İL MÜFTÜSÜ TÜRKMEN: “Kurban edilecek hayvanın, sağlıklı, organları tam ve besili olması, hem ibadet açısından, hem de sağlık bakımından önem arz eder. Bu nedenle, kötürüm derecesinde hasta, zayıf ve düşkün, bir veya iki gözü kör, boynuzlarının biri veya ikisi kökünden kırık, dili, kuyruğu, kulakları ve memelerinin yarısı kesik, dişlerinin tamamı veya çoğu dökük hayvanlardan kurban olmaz. Ancak, hayvanın doğuştan boynuzsuz olması, şaşı, topal, hafif hasta, bir kulağı delik veya yırtılmış olması, memelerinin yarıdan daha azının olmaması, kurban edilmesine engel değildir. Bunun yanında kesileceği yere gidemeyecek derecede topal olan hayvanlar da kurban edilemez. Buna göre hayvanın değerini düşürücü nitelikteki kusurlar kurbana engeldir. Şâfiî mezhebinde, genel olarak yukarıda sayılan kusurlardan birinin bulunması, bir hayvanın kurban olmasına engel teşkil ettiği gibi, uyuz olan hayvanlar ile yem yemesini engelleyecek derecede dişlerinin bir kısmı dökülmüş olan hayvanların da kurban edilmesi caiz değildir. Günümüzde kurbanlık alım-satımı genellikle şu üç şekilde gerçekleştirilmektedir.

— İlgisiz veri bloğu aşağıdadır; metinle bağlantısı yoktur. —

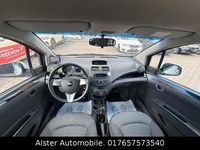 Gebraucht Chevrolet Spark 82 PS (60 kW) 2011 Weiß Kleinwagen
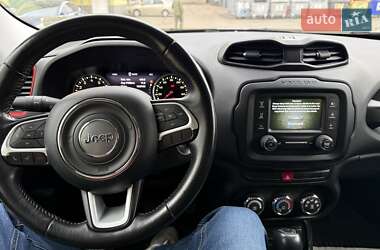 Позашляховик / Кросовер Jeep Renegade 2015 в Львові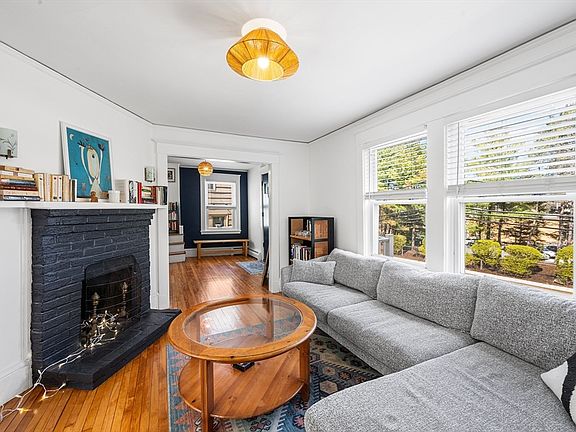 3rd image of 76 Paul Revere Rd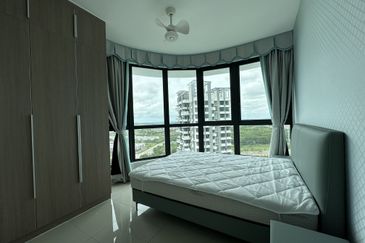 The M @ Medini Macrolink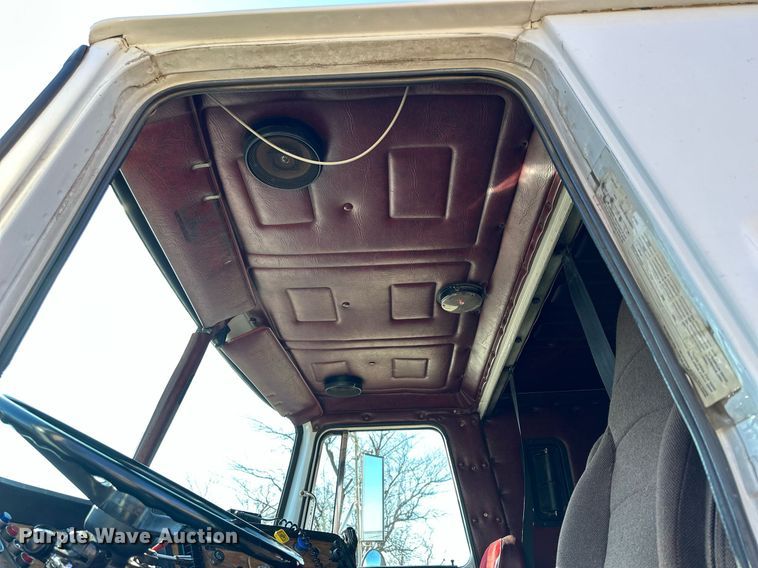 image for item LN9395 1989 White GMC Aero WIA  semi truck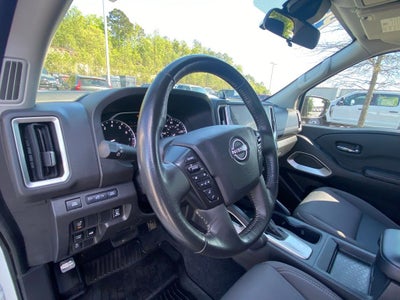 2025 Nissan Frontier SV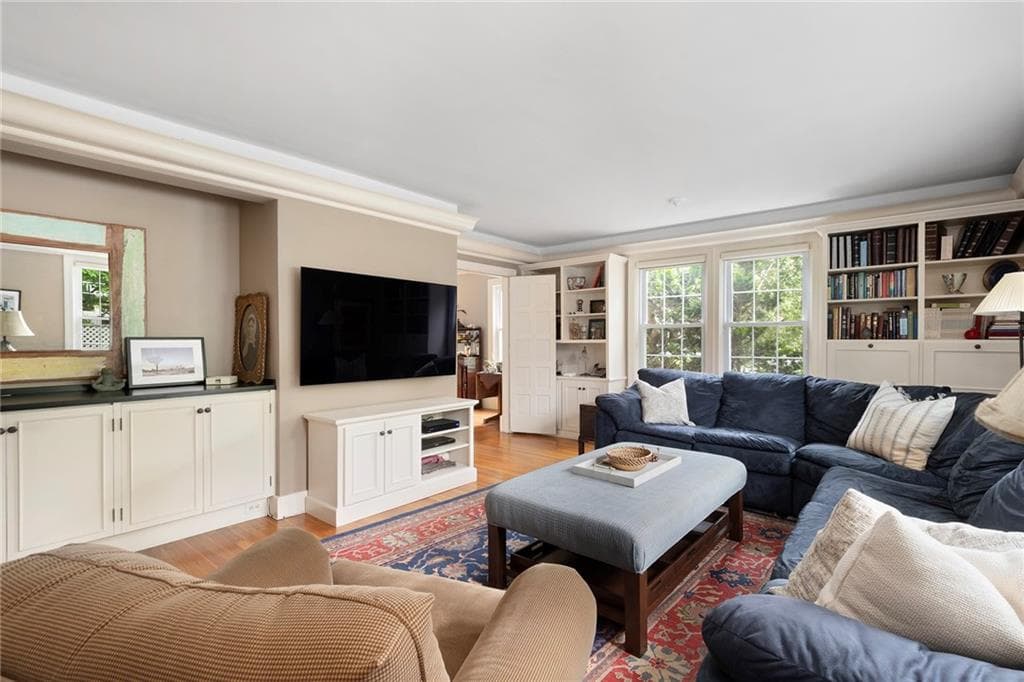 Single Family Residence at 176 Cole Avenue, Providence, photo 14 of 50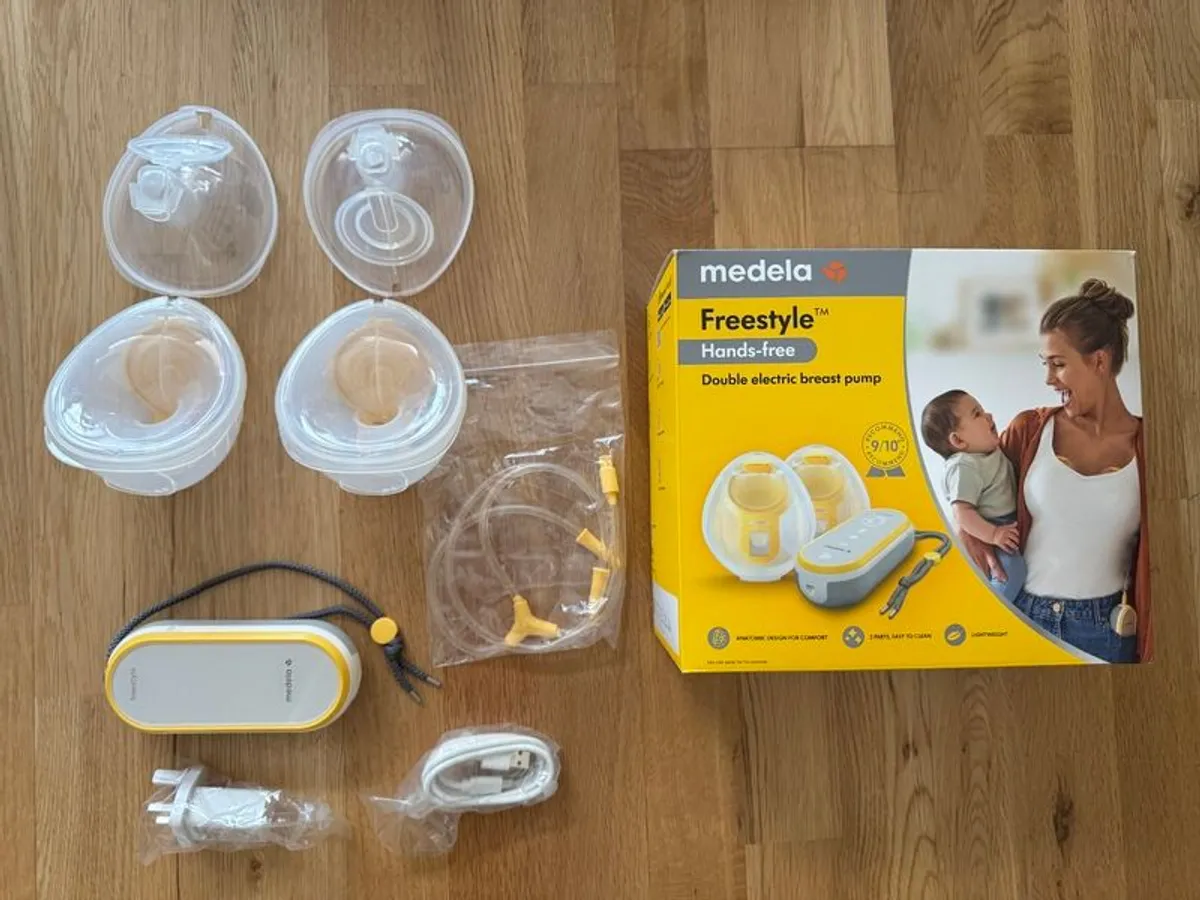 Medela Freestyle Hands-Free Breast Pump - Image 1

a. Götürü (kabala) usûlü ile kurban alım satımı: Bu satışta, satıcı ve müşteri muayyen olan bir hayvan üzerinde pazarlık yapmakta ve belirledikleri bir fiyat üzerinde anlaşmaktadırlar. Kurbanlık hayvanda geçmişten günümüze uygulanan gelen yaygın yöntem budur.

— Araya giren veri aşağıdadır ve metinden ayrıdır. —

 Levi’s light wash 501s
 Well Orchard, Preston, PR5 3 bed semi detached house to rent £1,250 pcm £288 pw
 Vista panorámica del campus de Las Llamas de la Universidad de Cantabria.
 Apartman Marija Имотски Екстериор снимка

b. Hayvanın canlı olarak tartılarak fiyatının belirlenmesi yoluyla alım-satım: Bu satış işleminde kurbanlık hayvanın fiyatı, canlı haldeki kilosu dikkate alınarak belirlenmektedir. Bu şekilde de kurbanlık alım satımı yapmak mümkündür.
c. Hayvanın karkas etinin kilogram birim fiyatının belirlenmesi ve toplam fiyatının, kesildikten sonra tartılarak elde edilecek rakam olduğu hususunda tarafların anlaşması yoluyla alım-satım. Kurbanlık hayvan bu yöntemle de alınıp satılabilir. Ancak bu şekildeki satın alınan kurbanın geçerli olabilmesi ve ibadetin et alım satımına dönüşmemesi için aşağıda belirtilen şartlara riayet edilmesi gerekir.
1.Karkas etin kilogram birim fiyatının belirlenmiş olması.
2. Alış-veriş esnasında satışa konu olan hayvanın belirlenmiş olması.
3. Belirlenen hayvan üzerinde satış işleminin tamamlanmış olması.
4. Hayvanın, sadece kurban niyetiyle kesilmesi. Yani herhangi bir organının (et, deri, sakatat vb.) satıcıda kalmasının şart koşulmaması veya kesim veya organizasyon ücretine sayılmaması gerekir.
5. Şayet kurban günlerinden önce alıcı, hayvanı yukarıda belirtilen usullerden biri ile alacağını vadetmiş ve alım-satım tamamlanmamışsa, kurban kesiminden önce satım akdinin tamamlanması/ kesinleştirilmesi gerekir.”
KARA: “TAKSİTLE VE VERESİYE KURBAN ALINABİLİR Mİ?”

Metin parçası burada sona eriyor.